## MATERIAL FOR THIS EXERCISE
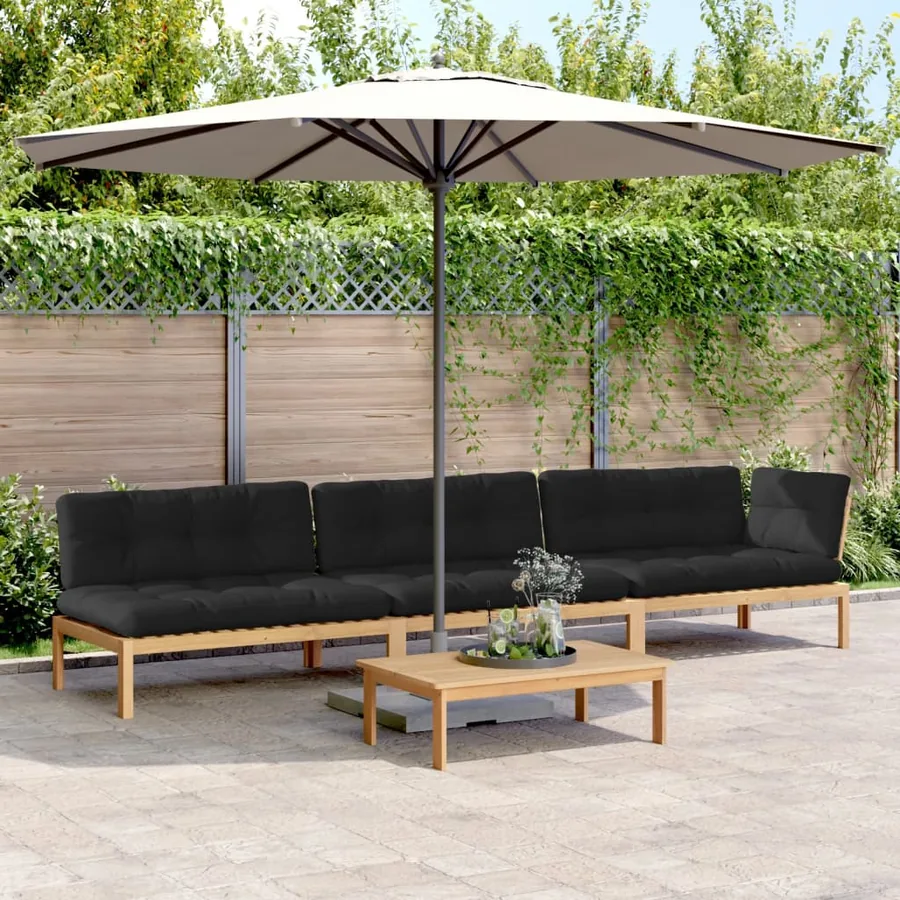 Salon palette de jardin avec coussins 4pcs bois d'acacia massif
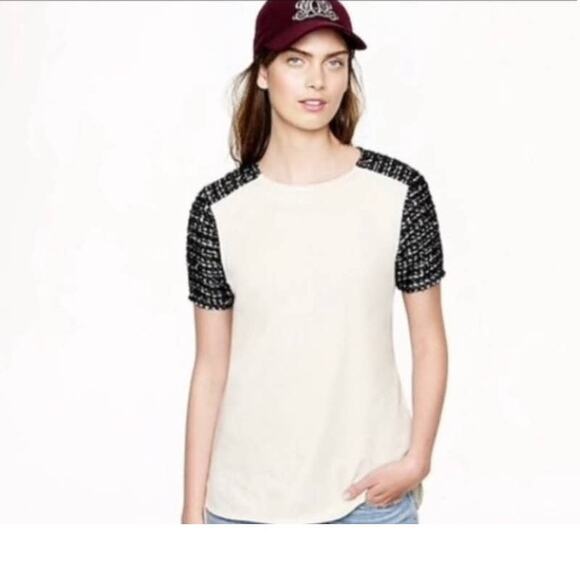 J.Crew Lux Gold Metallic Tweed Black Sleeve Cotton Cream Stretch Blouse Small - Picture 1 of 12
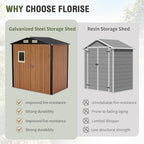 Outdoor Storage Shed 6x4 Ft, Lockable Metal Garden Shed with Window, Tool Shed Tiny House Vertical Outside Storage Building for Backyard, Lawn, Patio, Bike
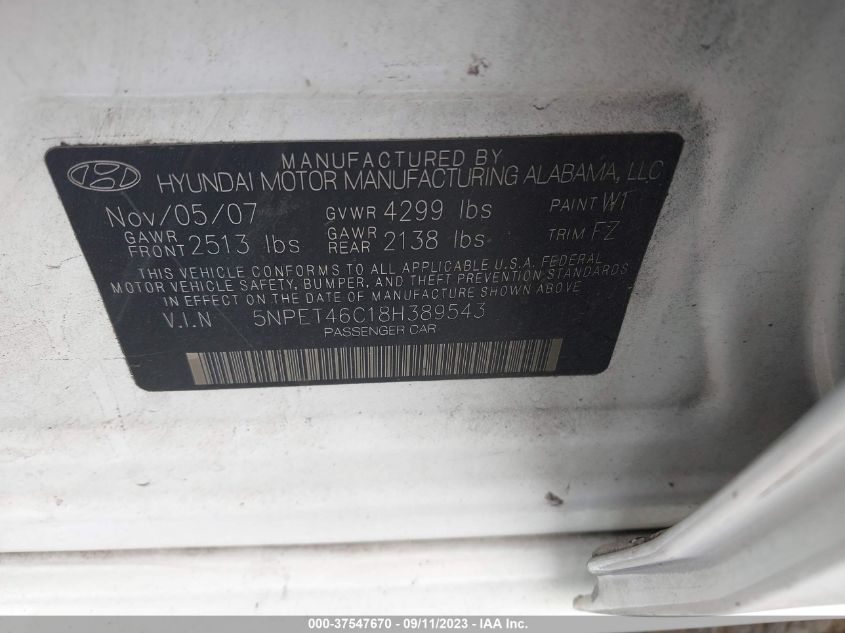 Photo 8 VIN: 5NPET46C18H389543 - HYUNDAI SONATA 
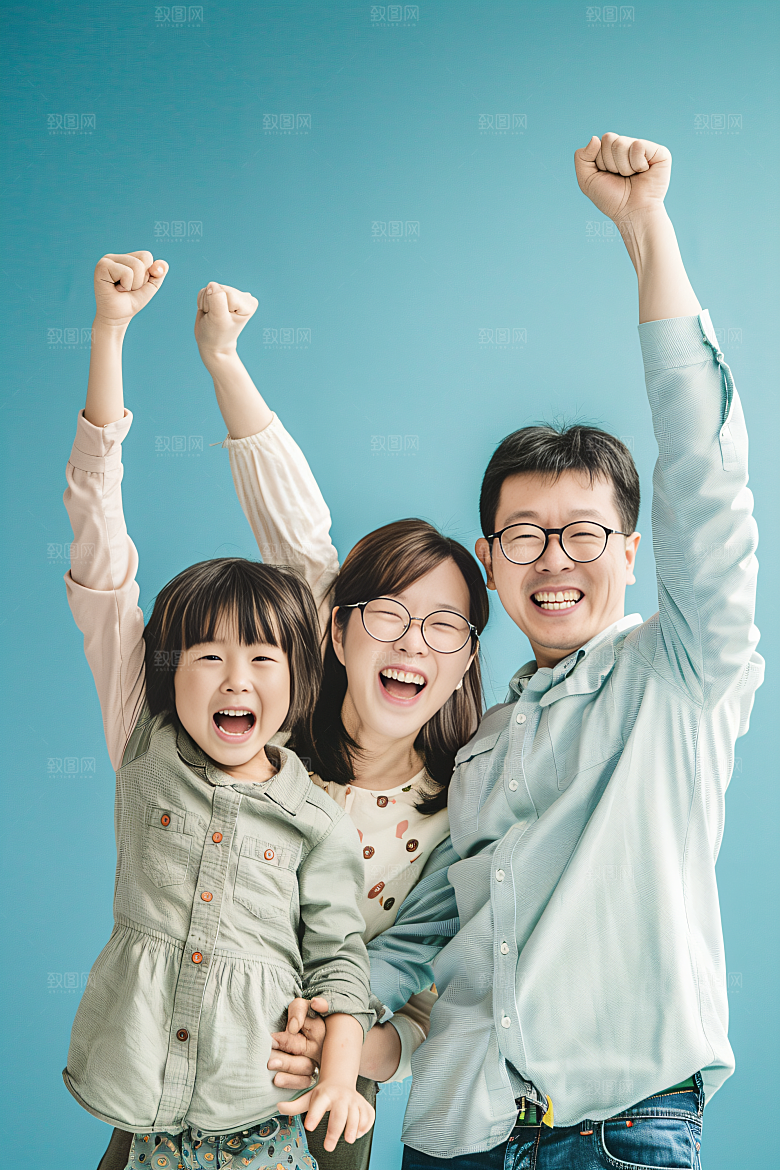 幸福一家人亲子家庭摄影图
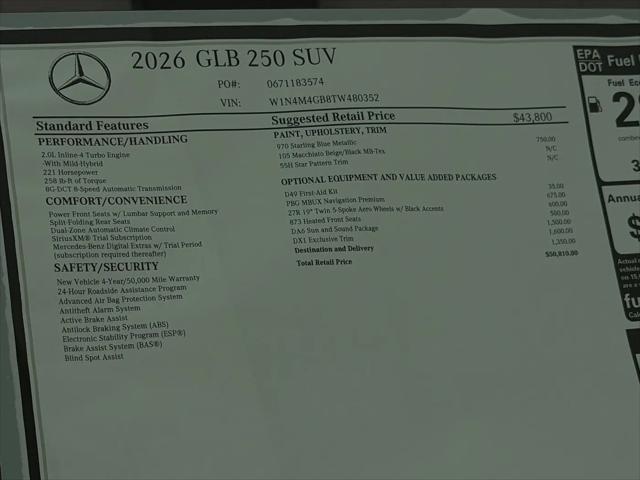 2026 Mercedes-Benz GLB GLB 250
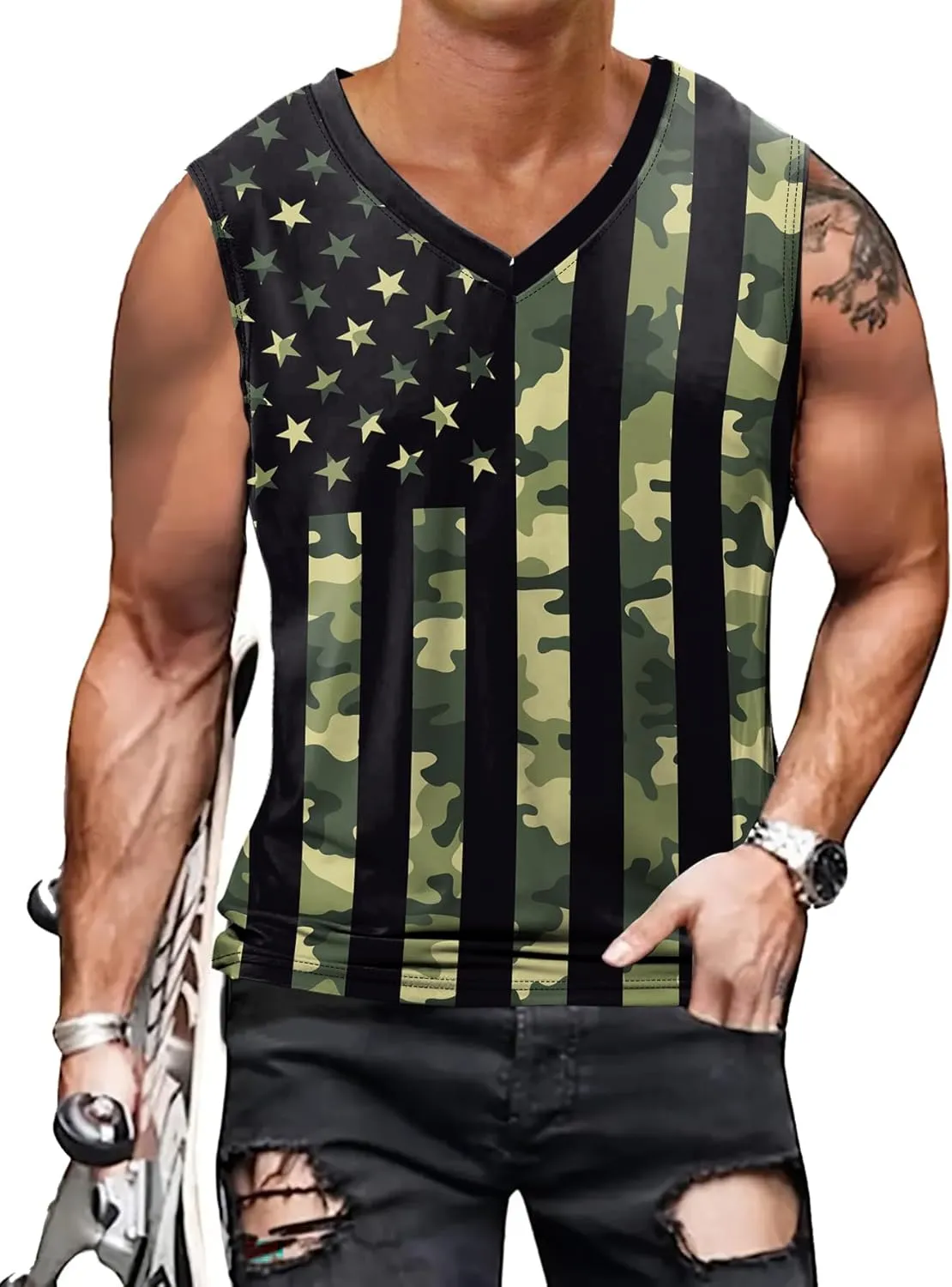 American Flag Patriotic Print Men Muscle Tank Tops Sleeveless Tee Shirts Independence Day July 4th Top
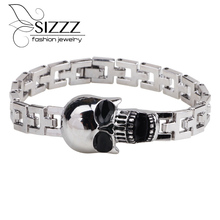 Sizzz pulseira de caveira masculina, bracelete com fivela, bracelete longo de 19cm, aço titânio e fivela 2024 - compre barato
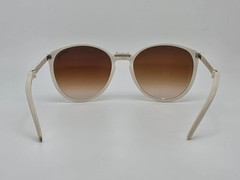 Ferarri White Frame Amber Brown Gradient Lens Folding Sunglasses w/ Case 55mm
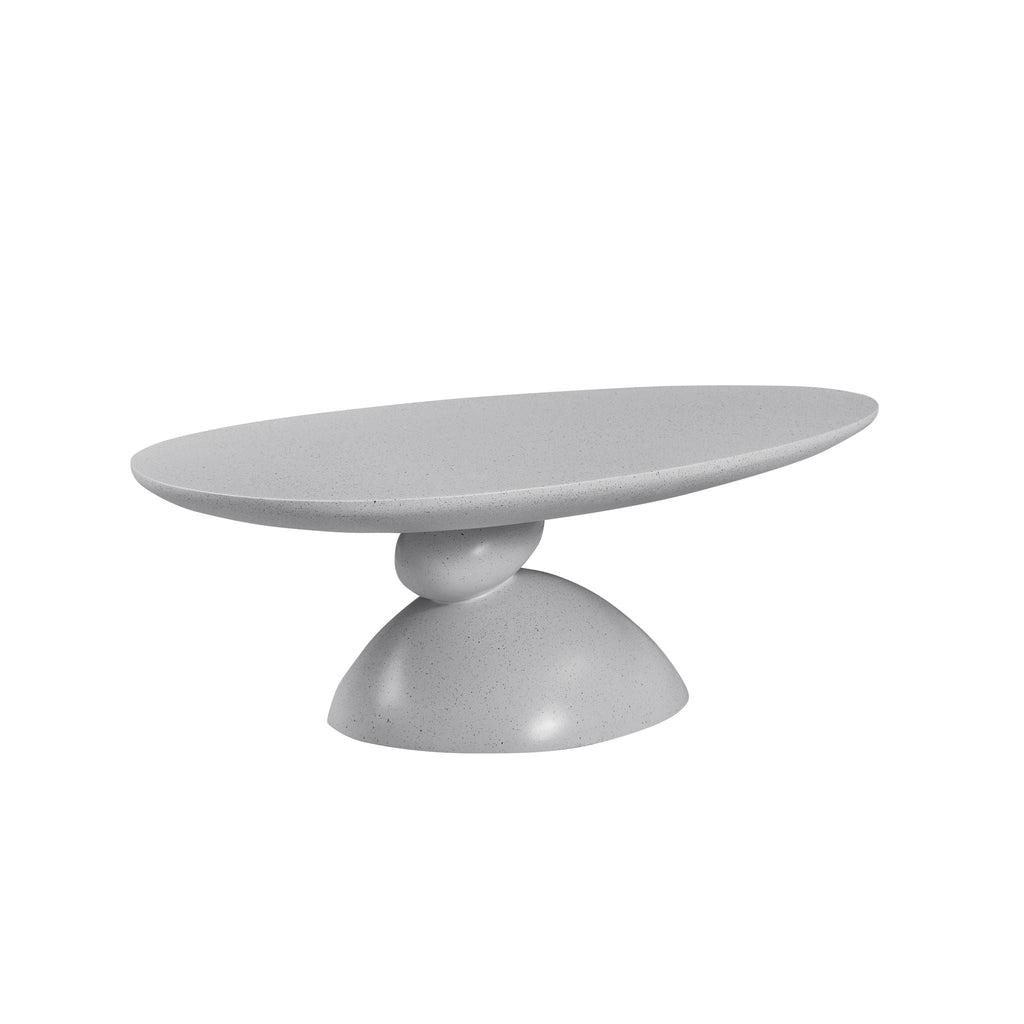 Lucky Stone Shaped Table with Sculptural Base – White, Black, or Gray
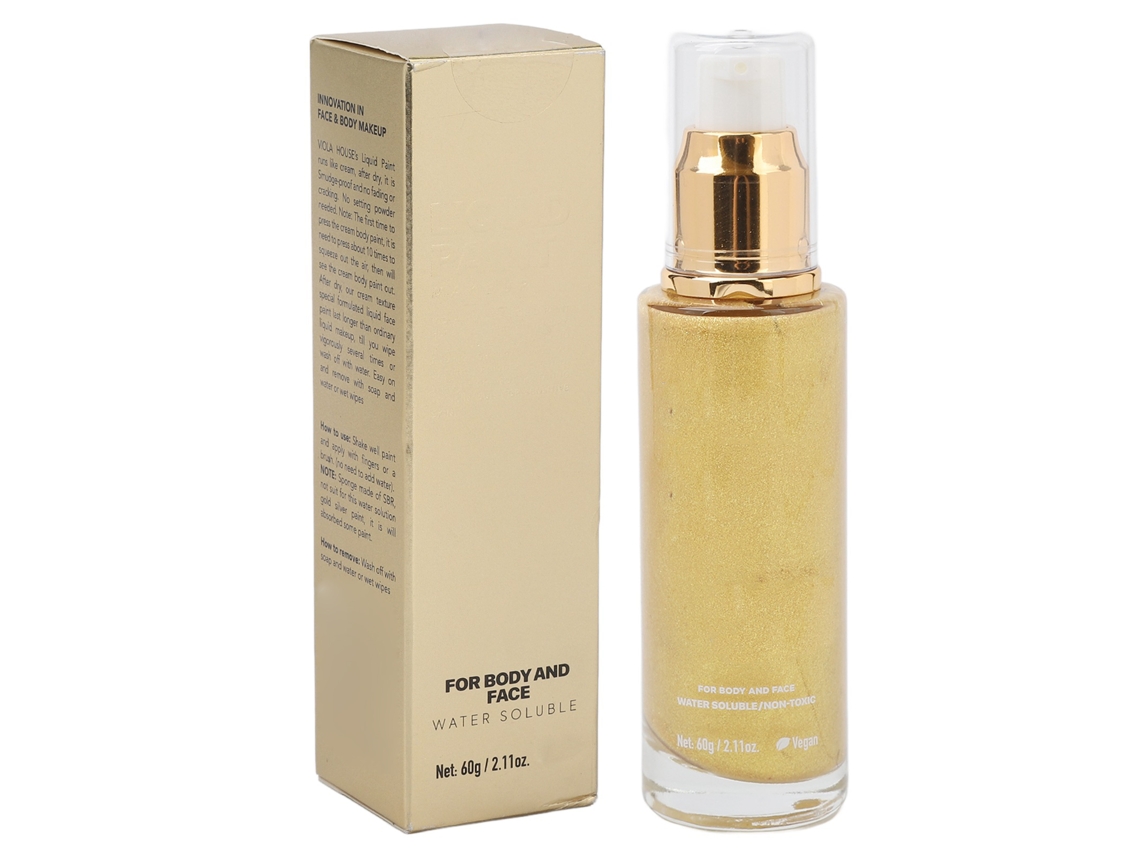Gel holográfico con purpurina para el cuerpo, 60 g, maquillaje dorado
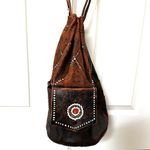 Vintage Moroccan brown and black leather bucket bag Photo 1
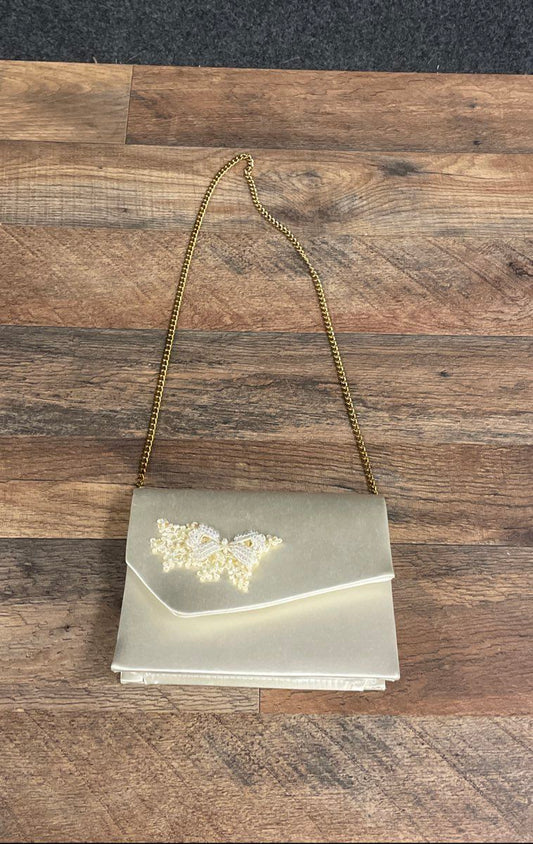 Vintage 90s Dyeables Cream Satin Beaded Lace Bow Evening Bag Clutch Gold Chain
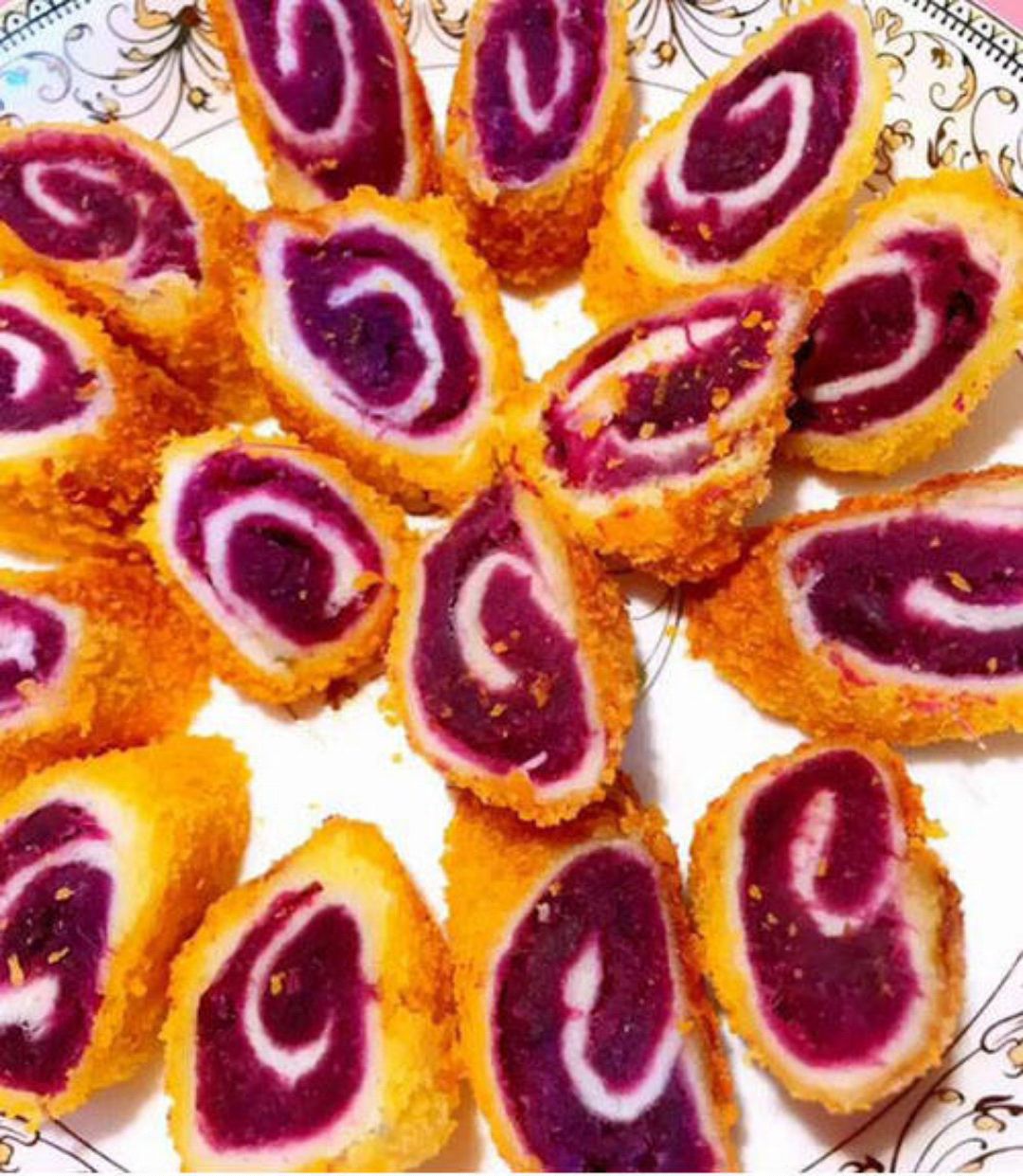 紫薯怎么做好吃又快手,试试油炸紫薯卷吧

## DESCRIPTION OF THE TASK
Above are the records; copy every one of them exactly and omit the images.

## ANSWER SECTION
 Salon palette de jardin avec coussins 4pcs bois d'acacia massif
 J.Crew Lux Gold Metallic Tweed Black Sleeve Cotton Cream Stretch Blouse Small - Picture 1 of 12
 Outdoor Storage Shed 6x4 Ft, Lockable Metal Garden Shed with Window, Tool Shed Tiny House Vertical Outside Storage Building for Backyard, Lawn, Patio, Bike
 Photo 8 VIN: 5NPET46C18H389543 - HYUNDAI SONATA 
 幸福一家人亲子家庭摄影图
 2026 Mercedes-Benz GLB GLB 250
 American Flag Patriotic Print Men Muscle Tank Tops Sleeveless Tee Shirts Independence Day July 4th Top
 Sizzz pulseira de caveira masculina, bracelete com fivela, bracelete longo de 19cm, aço titânio e fivela 2024 - compre barato
 Ferarri White Frame Amber Brown Gradient Lens Folding Sunglasses w/ Case 55mm
 Lucky Stone Shaped Table with Sculptural Base – White, Black, or Gray
Gel holográfico con purpurina para el cuerpo, 60 g, maquillaje dorado
 Vintage Moroccan brown and black leather bucket bag Photo 1
 Vintage 90s Dyeables Cream Satin Beaded Lace Bow Evening Bag Clutch Gold Chain
 紫薯怎么做好吃又快手,试试油炸紫薯卷吧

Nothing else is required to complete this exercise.